第47話 跳躍

 無理を言って月60に上げて貰った。

 人件費60は手取り30に相当する。これで少しは生活の改善が見込めた。

 結構貰っているように思うかも知れないが、この年齢と技術の高さを勘案すれば格安だ。だがどれだけ技量があろうが、下請けの立場である以上はこれ以上は貰えない。今流行りのAIなどの分野以外では、それができる人間がごく少数でありながらも、まともな金額を払うべきだとは思われないからだ。

 この点、日本という社会は技術者冷遇の塊である。

 何かあれば外国の会社に頼めばよいなどとお気楽に考えている。だがこれまでに見て来たように海外の会社はどれも想像を絶するひどさだ。それは後進国だけでなく先進国と呼ばれる所でも同じである。

 やがては日本の技術者がどれだけレベルが高く、作業者として質が良いのかを思い知り、国内に要求が回帰することだろう。だがその時にはマトモな技術者は日本からはいなくなっているのだ。


 それから半年も過ぎた頃には、私の体調はもっと悪化していた。

 腎盂炎で痛めつけられた腎臓は死にかけていた。

 腎臓という臓器は基本的に回復しない。破壊された糸球体は修復されないのだ。従って悪化の速度をできるだけ遅らせるのが治療の方向性となる。

 わずか四駅の満員電車が辛い。足が浮くほどの人間の密度に耐えられない。

 そしてここの社長の性格から言えば、休めばその場で給料を減らされる。

 今がその時だ。事なかれでしがみついていても枯死が待っている。


 対策を考え、実行した。

 このところずっと仕事をくれている出先の会社の人に相談し、この会社を辞めても仕事を出してくれるか確認する。
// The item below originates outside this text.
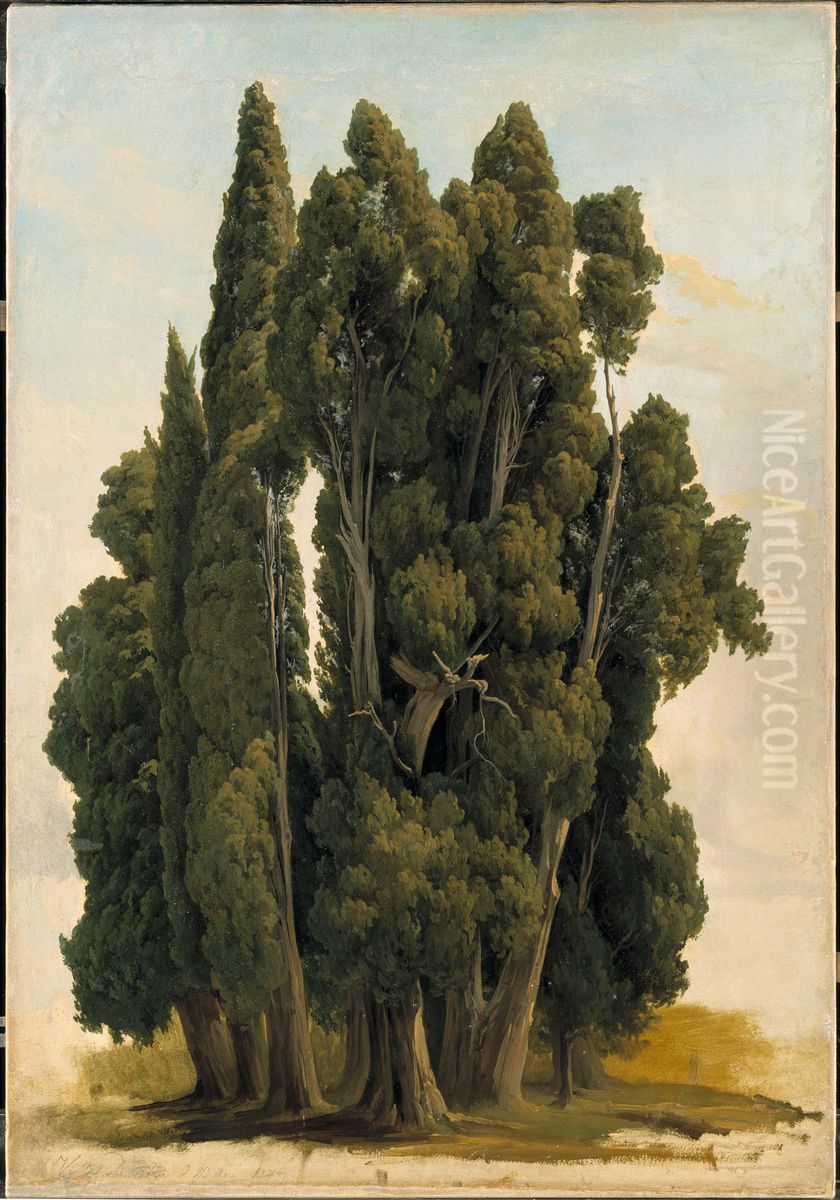 Cypresses. Study Oil Painting by Gustaf Wilhelm Palm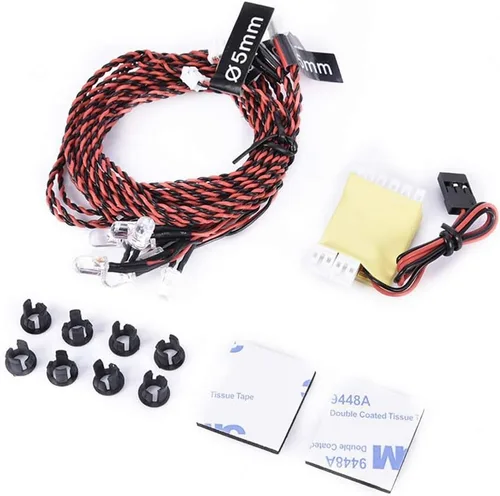 Vista 2 de Luces de navegación True Realism 8 LED Kit de sistema de luz para control remoto RC Avión Helicóptero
 どの道作業一式は機材を送ってもらってやっているので、作業場所は自宅でも良い。そういうわけでリモートで仕事を貰えるとの確約をして貰えた。

 そして会社を辞めた。

 他の部の部長さんがやってきて、引き留めにかかった。

「君のことをね。こちらは家族だと思っているんだ」

 泣かせるセリフである。

 だがこの会社から正社員にならないかとの誘いは一度も受けたことがない。

「ぶっちゃけ君を雇うと赤字なんだ」

 ポロリと漏らした。


 はぁ?

 それが本当ならいったいどれだけ安く私の仕事を他の会社に売っていたのか?

 それにそれを聞いたなら、もう何があってもこの会社を辞めなくてはいけない。

 役立たずのお前を金を出して養ってやっていると言われたら、誇りある者ならばしがみついては居られない。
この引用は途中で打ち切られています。